INTERAKSI OBAT dengan BENZODIAZEPIN

I. INFORMASI UMUM MENGENAI BENZODIAZEPIN


1. Pendahuluan
Tujuan dari bab ini adalah untuk menguji interaksi obat yang muncul dengan benzodiazepin
dan membahas hubungan interaksi tersebut dengan bidang kedokteran secara umum dengan
penekanan pada toksikologi forensik. Karena sifat benzodiazepin sangat beragam, dibutuhkan
waktu untuk memperkenalkan obat dari kelas ini. Materi pengenalan ini diambil dari beberapa
bahan referensi dan resensi dasar , dan hal-hal lain tidak dirujuk, kecuali untuk poin spesifik yang
tidak berasal dari referensi tersebut. Literatur utama akan lebih banyak disebutkan secara
menyeluruh pada bagian lain, yang menunjukkan bukti adanya interaksi dengan obat depresan
sistem saraf pusat (SSP) dan keterlibatan enzim spesifik lain dalam metabolisme benzodiazepin dan
interaksi obat.

Benzodiazepin merupakan kelas yang mencakup sejumlah besar obat yang memiliki struktur
kimia yang mirip dan memiliki kerja ansiolotik sampai sedatif terhadap SSP. Klordiazepoksida
merupakan obat golongan ini yang pertama kali diperkenalkan pada tahun 1960-an, diikuti oleh
diazepam, flurazepam, dan oksazepam. Sejak saat itu, sejumlah obat golongan ini telah
diperkenalkan. Dalam Martindale edisi terakhir (1999), sedikitnya terdapat 43 obat benzodiazepin
(Tabel 1). Sebagian besar obat tersebut ditemukan pada bagian hipnotik sedatif ansiolitik dan
antipsikotik; satu, klonazepam terdapat pada bagian antiepilepsi.
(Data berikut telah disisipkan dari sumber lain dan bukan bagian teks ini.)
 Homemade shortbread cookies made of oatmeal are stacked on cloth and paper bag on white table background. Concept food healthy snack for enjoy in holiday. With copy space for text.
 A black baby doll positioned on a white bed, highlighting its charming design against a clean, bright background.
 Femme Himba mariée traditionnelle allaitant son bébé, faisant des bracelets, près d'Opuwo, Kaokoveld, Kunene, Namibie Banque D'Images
Di antara 43 obat benzodiazepin
tersebut, hanya 12 yang juga terdapat dalam Physicians Desk Reference edisi terakhir (2002) (Tabel
1; 8); yang mengindikasikan persetujuan untuk digunakan di Amerika Serikat.
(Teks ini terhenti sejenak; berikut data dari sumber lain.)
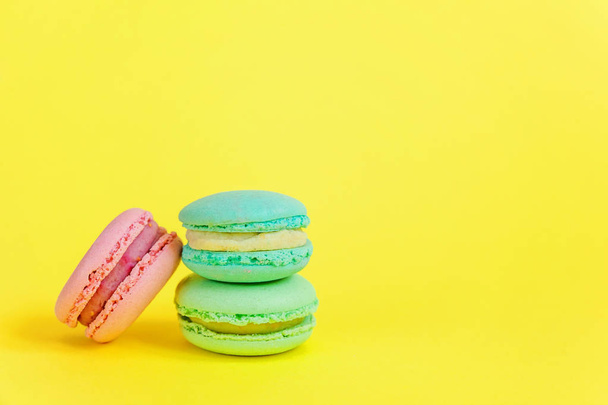 French sweet cookie. Minimal food bakery concept. Blue and pink macaron on yellow background - Фото, изображение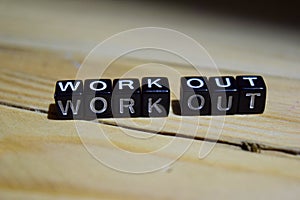 Work out written on wooden blocks. Inspiration and motivation concepts.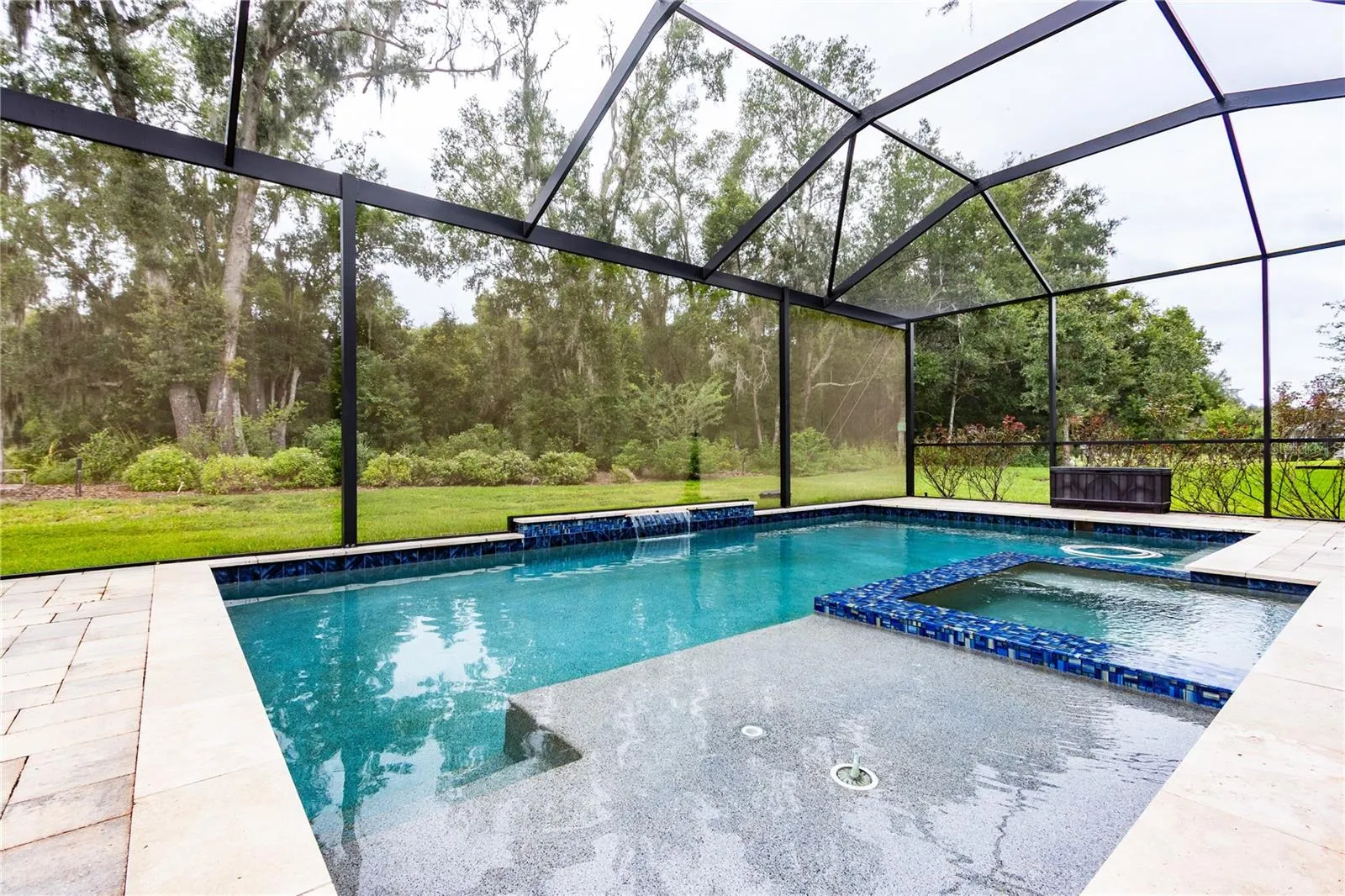 Sunshelf and heated spa inside the pool!
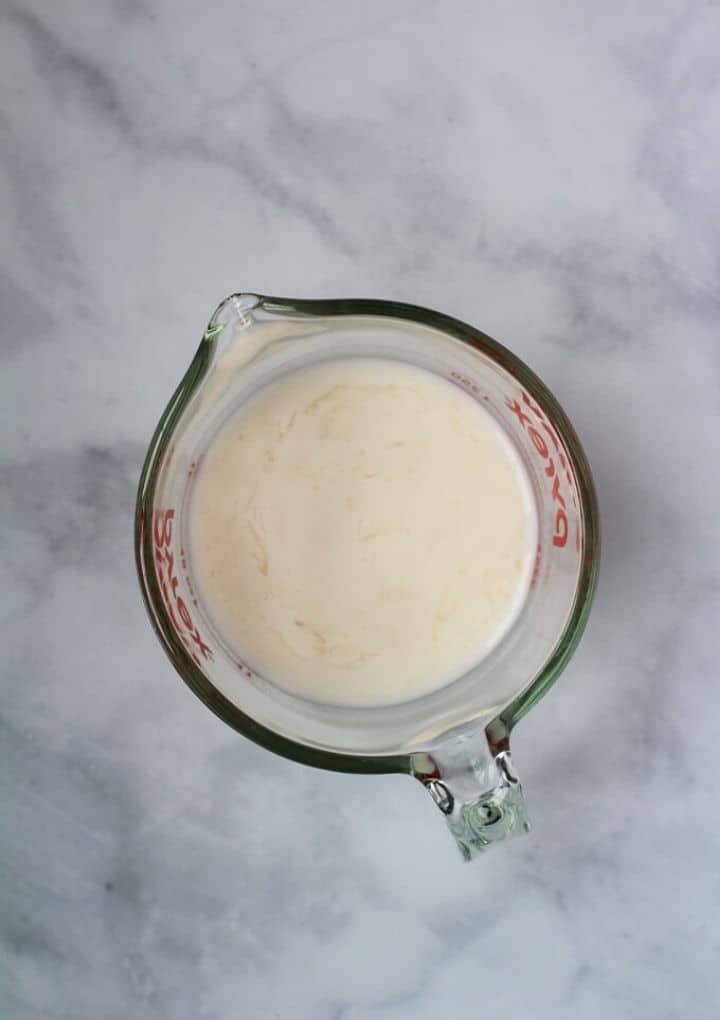 Dairy free milk and vinegar combined in pyrex measuring cup.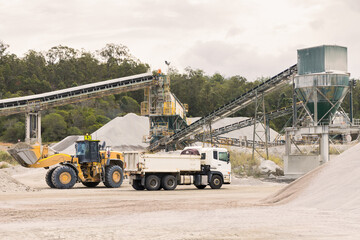 Loader and tipper truck at a quarry site with machinery in background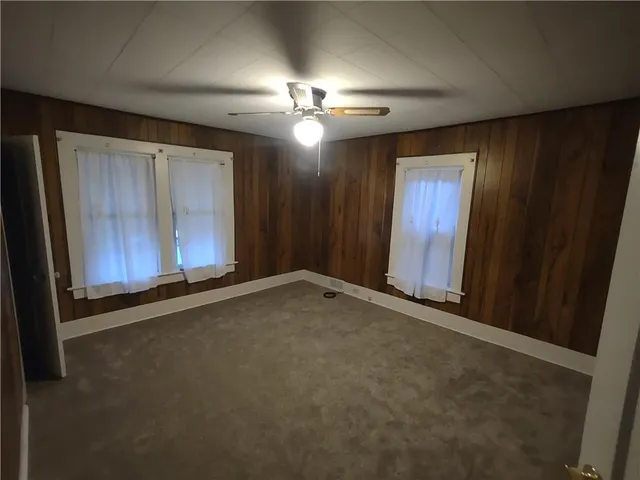 an empty room with ceiling fan and window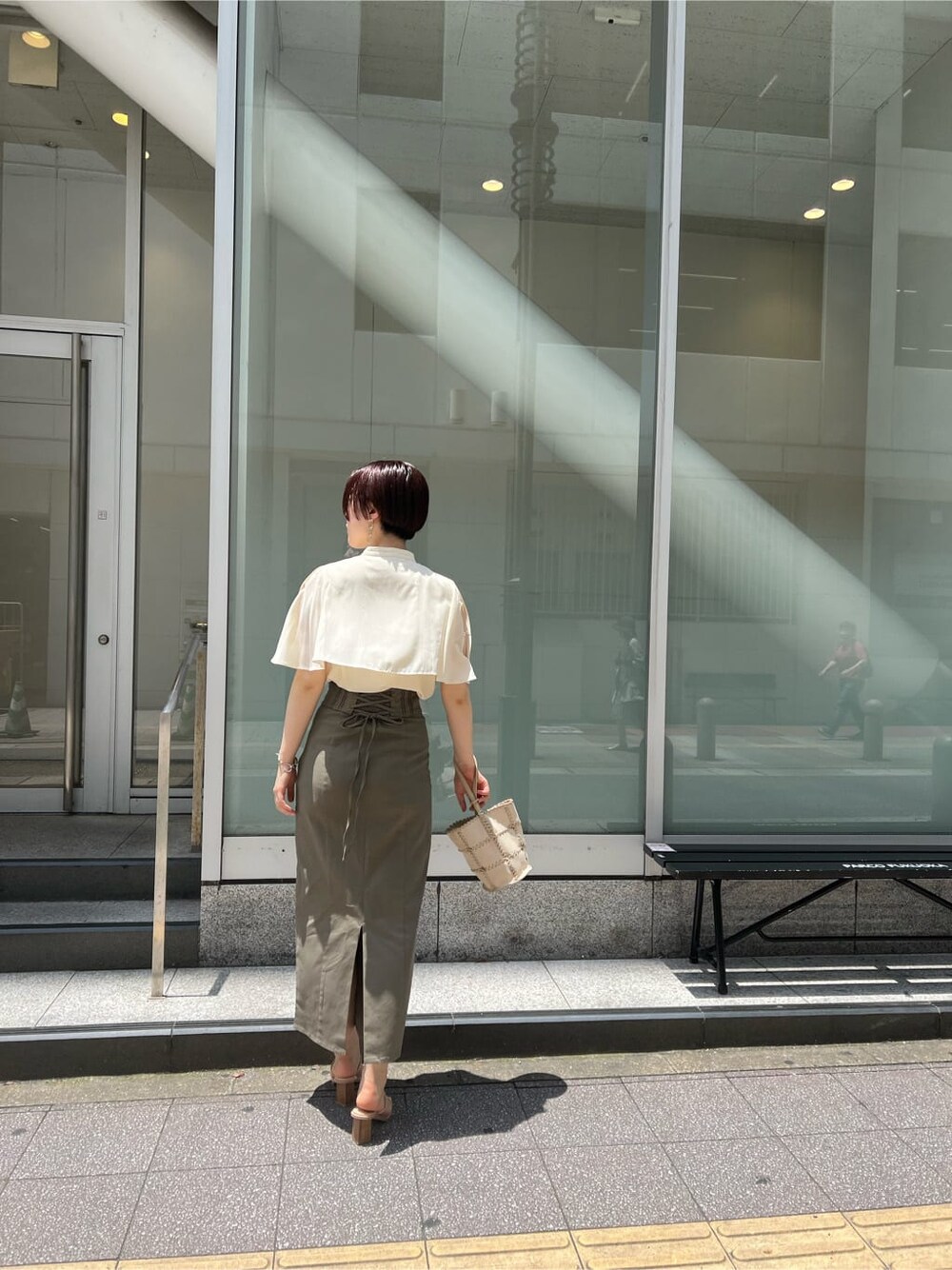 グリーン系のサンダル、ベージュ系のスカート、ホワイト系のショルダーバッグを着用したレディースの夏コーディネートの2枚目の写真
Banyak benzodiazepin sekarang dibuat oleh lebih dari satu industri farmasi atau lebih dari
satu cabang industri farmasi sehingga memiliki lebih dari satu nama dagang. Contoh salah satu
nama dagang disajikan pada Tabel 1, disertai dengan produsennya.
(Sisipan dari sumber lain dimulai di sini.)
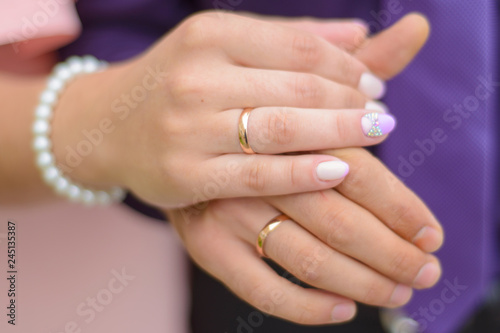 wedding: hands of newlyweds with rings close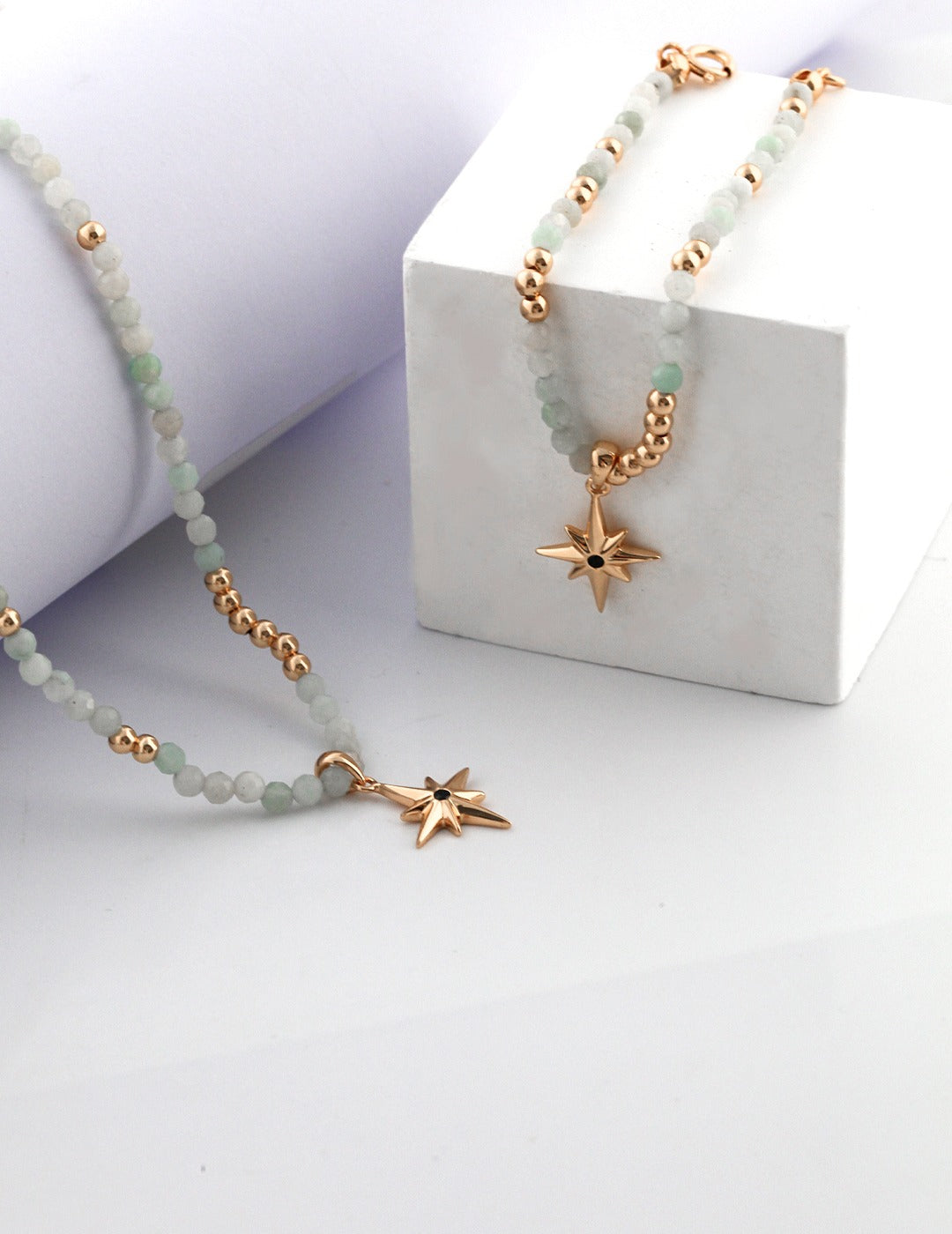 North Star Necklace with Burmese jade beads, featuring a vintage gold North Star pendant and adjustable chain, combining celestial charm with natural elegance.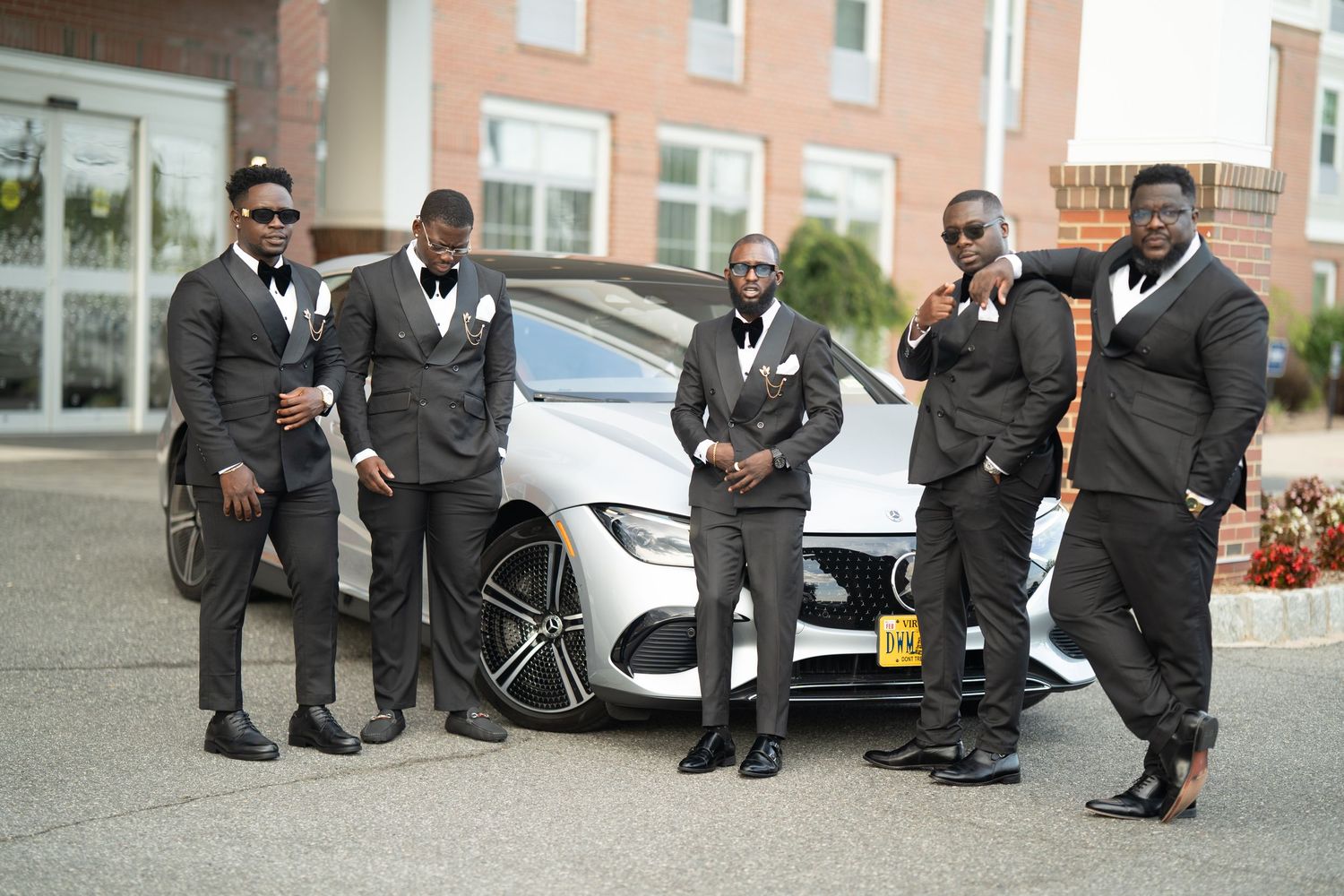 A row of people in formal black attire sitting on a curb showing off their colorful socks and dress shoes.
Untuk memahami pentingnya interaksi obat dengan benzodiazepin, dibutuhkan pengertian


mendasar mengenai kerja farmakodinamik obat ini, yang disertai dengan kegunaan terapeutiknya.
Selain itu, karena banyak dari interaksi obat benzodiazepin berkaitan dengan sifat farmakokinetik,
struktur kimia dan metabolisme benzodiazepin harus dipertimbangkan juga.
2. Farmakodinamika (Secara Singkat), Kegunaan, dan Efek Merugikan Benzodiazepin
Kebanyakan efek benzodiazepin berasal dari kerja obat-obat ini pada SSP. Di dalam SSP,
target molekuler utama benzodiazepin yaitu reseptor neurotransmiter inhibitori yang secara
langsung diaktivasi oleh asam amino, yakni asam y-aminobutirat (GABA). Benzodiazepin terbukti
berikatan dengan dan memodulasi reseptor GABA utama di otak, GABA A, sementara reseptor
GABAB, tidak dipengaruhi oleh benzodiazepin. Reseptor GABAA, merupakan saluran klorida
membran integral yang memediasi neurotransmisi hambatan cepat di dalam SSP. Tidak seperti
barbiturat yang juga berikatan dengan GABAA, benzodiazepin hanya bekerja jika terdapat GABA.
Agonis benzodiazepin yang umum meningkatkan jumlah arus klorida yang dibangkitkan oleh
aktivasi GABAA, mempotensiasi efek GABA di seluruh SSP. Bikukulin, suatu antagonis GABAA,
menurunkan efek perilaku dan clektrofisiologis benzodiazepin; dan suatu analog benzodiazepin,
flumazenil, yang secara poten dan selektif memblok tempat pengikatan benzodiazepin, digunakan
secara klinis untuk membalikkan efek dosis tinggi benzodiazepin .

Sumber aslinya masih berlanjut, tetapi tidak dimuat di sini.